La CIJ jouit de garanties d'indépendance, d'impartialité et de compétence :
- principe d'indépendance : répartition géographique équitable des juges (Afrique : trois, Amérique latine : deux, Europe occidentale et Amérique du Nord : cinq, Europe orientale : deux, Asie : trois ; la Cour ne peut comprendre plus d'un ressortissant du même État) ; une partie peut choisir un juge ad hoc quand l'autre partie compte un juge de sa nationalité au sein de la Cour ;
- principe de collégialité : en règle générale, la Cour exerce ses fonctions en séance plénière, mais depuis la réforme de 1975, il est possible de former des chambres d'au moins trois membres ; les arrêts sont adoptés à la majorité des juges présents ; ils sont motivés, signés, avec possibilité d'opinion dissidente (désaccord sur le dispositif, c'est-à-dire l'exposé par lequel la Cour tranche le différend) ou individuelle (désaccord sur la motivation de l'arrêt) ;
- protection des magistrats : un membre de la Cour ne peut être relevé de sa fonction qu'au jugement unanime des autres membres ;
- impartialité : les membres de la Cour ne peuvent exercer aucune activité professionnelle annexe, et ne peuvent participer au règlement d'aucune affaire où ils sont antérieurement intervenus, à quelque titre que ce soit.
Le statut de la CIJ est assez souple. Par exemple, les juges peuvent, après accord des parties, juger ex aequo et bono.
Compétences
Compétence contentieuse
Seuls les États ont qualité pour agir dans le cadre de la compétence contentieuse. Ni en 1921 ni en 1945, les États n'ont voulu limiter leur souveraineté en créant une juridiction obligatoire de règlement des conflits. La CIJ n'est compétente que lorsque les parties se soumettent à sa juridiction. Il existe trois moyens d'y parvenir :
- Les deux parties concluent un compromis, convenant de soumettre leur différend à la Cour ; ce mode de saisine se rapproche assez du compromis d'arbitrage ;
- Certains traités ou conventions comportent des clauses compromissoires énonçant que les litiges concernant l'interprétation ou l'application du traité devront être soumis à la CIJ ; exemple : le traité liant les États-Unis et le Nicaragua, ce qui a donné la célèbre décision Nicaragua c. États-Unis de 1986 (activités militaires et paramilitaires au Nicaragua et contre celui-ci) ;
- Un État peut souscrire à une déclaration facultative de juridiction obligatoire (article 36-2 du statut de la CIJ) ; cette déclaration peut se faire purement et simplement, sous condition de réciprocité, ou pour un délai de réciprocité ; des réserves (excluant certains domaines de litiges) sont également possibles ; fin 1999, seuls 58 États sur 185 ont souscrit à une telle déclaration[réf. nécessaire] ; ils sont 73 fin 2022[3].

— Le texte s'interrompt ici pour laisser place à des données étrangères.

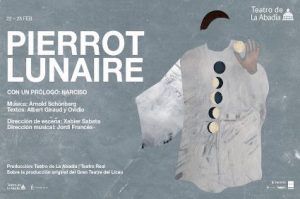 Teatro Pierrot Lunaire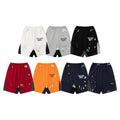 Gallery Dept Shorts Unisex Casual Shorts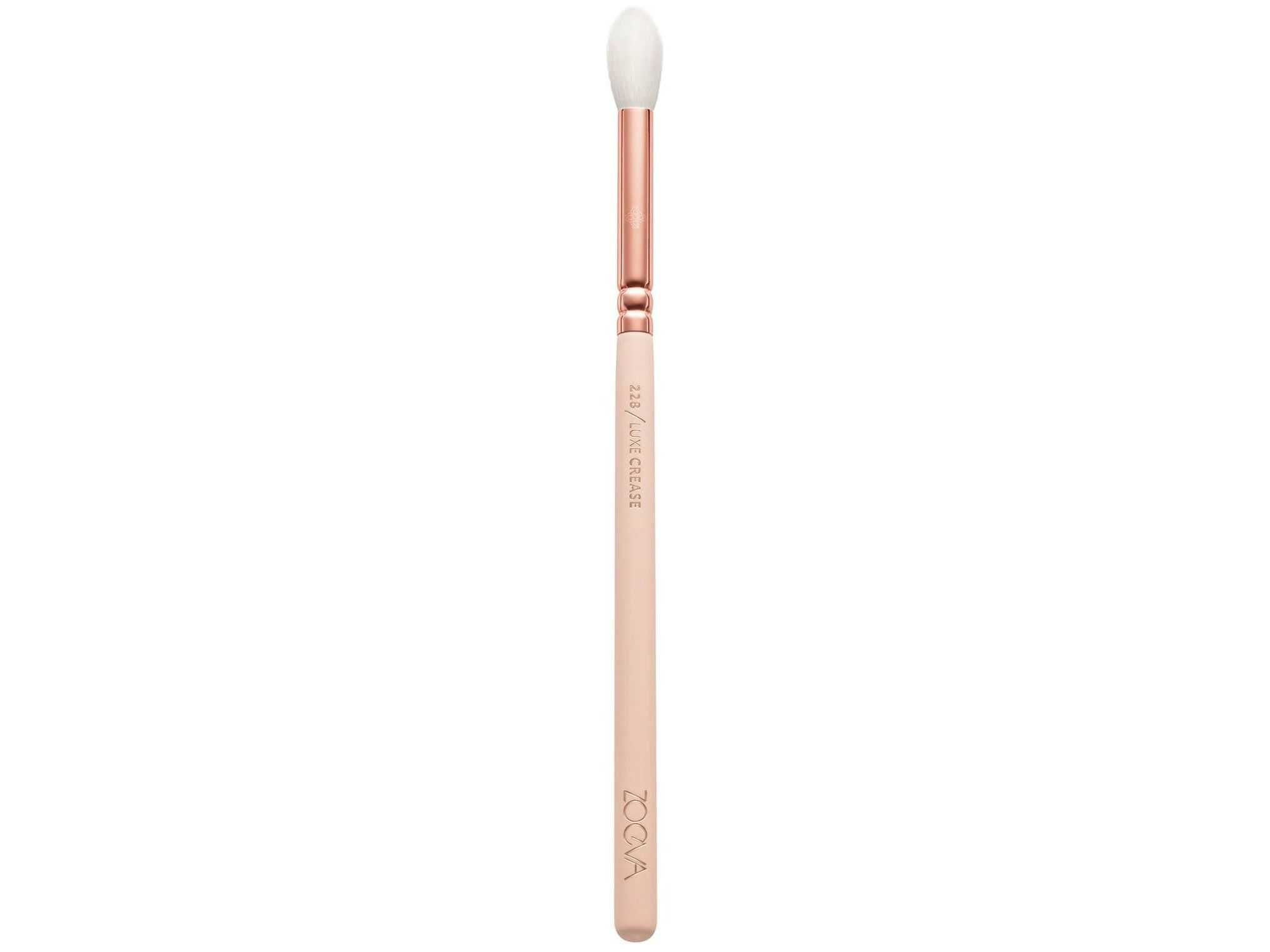 PĘDZEL ZOEVA 228 Luxe crease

La CIJ a la compétence de sa compétence : si un État soulève une exception préliminaire à l'examen du litige par la Cour, il appartient à celle-ci de juger si elle est compétente ou non. C'est ce qu'elle a fait dans une série d'arrêts de décembre 2004 opposant la Serbie-Monténégro aux puissances qui l'avaient bombardée en 1999 : confirmant un premier arrêt rendu à cette date par lequel la république fédérale de Yougoslavie demandait que des mesures conservatoires soient prises pour interrompre les bombardements contre son territoire, la Cour a estimé qu'elle n'était pas compétente pour se prononcer sur la question de la licéité de l'usage de la force contre la Serbie-Monténégro au motif principal que ce pays n'était pas membre de l'ONU à la date où il a formé le recours.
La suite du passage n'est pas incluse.